Das Verhältnis zwischen den Bediensteten und den Abschiebehäftlingen war nicht immer spannungsfrei, es kam zu Fluchtversuchen und zu Flucht, zu Selbstmordversuchen und zu Brandstiftungen, Verzweiflungstaten, um auf die prekäre grundsätzliche und persönliche Situation aufmerksam zu machen. 1994 gründete sich die Asylgruppe Ostertor zur ehrenamtlichen Betreuung von Abschiebehäftlingen in Sicherungshaft. 1995 entschloss sich der Senator für Inneres, die Abschiebehaft im Folgejahr aufzulösen. Doch das Ende kam früher. Am 26. Januar 1996 legte ein verzweifelter Abschiebehäftling in seiner Zelle Feuer. Ein großer Teil des oberen Geschosses brannte aus. Die Insassen mussten verlegt werden.

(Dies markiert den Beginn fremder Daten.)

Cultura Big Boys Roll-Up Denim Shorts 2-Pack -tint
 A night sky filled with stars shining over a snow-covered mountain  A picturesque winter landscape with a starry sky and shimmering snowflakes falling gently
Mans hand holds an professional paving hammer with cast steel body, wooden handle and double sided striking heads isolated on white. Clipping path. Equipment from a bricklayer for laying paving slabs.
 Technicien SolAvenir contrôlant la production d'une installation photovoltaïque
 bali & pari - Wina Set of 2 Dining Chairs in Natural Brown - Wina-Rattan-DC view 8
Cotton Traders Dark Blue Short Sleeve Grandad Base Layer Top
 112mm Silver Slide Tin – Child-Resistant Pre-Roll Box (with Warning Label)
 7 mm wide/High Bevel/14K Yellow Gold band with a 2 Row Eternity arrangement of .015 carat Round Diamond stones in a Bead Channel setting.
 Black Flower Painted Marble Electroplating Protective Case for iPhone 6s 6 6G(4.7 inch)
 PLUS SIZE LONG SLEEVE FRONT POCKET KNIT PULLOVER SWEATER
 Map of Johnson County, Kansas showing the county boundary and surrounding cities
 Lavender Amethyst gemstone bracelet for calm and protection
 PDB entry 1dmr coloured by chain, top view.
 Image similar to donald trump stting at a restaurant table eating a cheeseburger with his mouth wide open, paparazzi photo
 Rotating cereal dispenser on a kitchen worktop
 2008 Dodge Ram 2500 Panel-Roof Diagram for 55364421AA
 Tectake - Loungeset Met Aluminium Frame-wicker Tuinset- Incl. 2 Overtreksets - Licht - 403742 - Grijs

Die verrußte Ostertorwache war unbrauchbar geworden.
Die grundsätzliche Frage, was aus dem Gefangenenhaus werden solle, war bereits im Jahre 1992 durch Senatsbeschluss vom 18. August über die "Umnutzung der nördlichen Ostertorwache für kulturelle Zwecke" gefallen: Überlassung des Gebäudes nördliche Ostertorwache an die Wilhelm Wagenfeld Stiftung in Gründung, das Design-Zentrum Bremen und die Gesellschaft für Produktgestaltung. Am 15.9.1993 stimmte die Bremische Bürgerschaft der Gründung der Wilhelm Wagenfeld Stiftung zu: Betreuung des Nachlasses des 1900 in Bremen geborenen international renomierten Bauhaus-Schülers Wilhelm Wagenfeld (†1990), der zu den bedeutendsten Pionieren industrieller Produktgestaltung in Deutschland zählt. Die Finanzierung der notwendigen Sanierung und Umbauten wurde durch die Waldemar Koch Stiftung sowie durch öffentliche Mittel sichergestellt. Die Ende 1993 aufgenommenen Planungen sahen vor, einen Teil der Ostertorwache im Originalzustand zu belassen und in ihm eine Dokumentationsstätte zur Geschichte des Gefangenenhauses einzurichten.
Das eigentliche Problem blieb zunächst, geeignete Ersatzräume für das Polizeigewahrsam zu schaffen. Die vorgesehene Unterbringung in der Kaserne in der Vahr verzögerte sich jedoch von Jahr zu Jahr. Die Bremer Kulturszene reagierte zum Teil gereizt auf die beabsichtigte Umwidmung des ehemaligen "Gestapogefängnisses" zum Wilhelm Wagenfeld Haus. Nochmals erhob die Arbeitsgemeinschaft verfolgter Sozialdemokraten Ansprüche auf eine kulturelle Nutzung des Gebäudes für eine Dauerausstellung zu "Widerstand und Verfolgung in Bremen 1933-1945". Im Herbst 1996 begannen schließlich die Bau- und Sanierungsarbeiten.
Eineinhalb Jahre später war alles fertig. Am 20.3.1998 übergab die Senatorin für Bildung, Wissenschaft, Kunst und Sport das umgebaute und im makelosen Weiß erstrahlende Wilhelm Wagenfeld Haus seinen neuen Nutzern. Vier Wochen später eröffnete es mit der Ausstellung "Wilhelm Wagenfeld. Wegbereiter der Moderne" seine Pforten.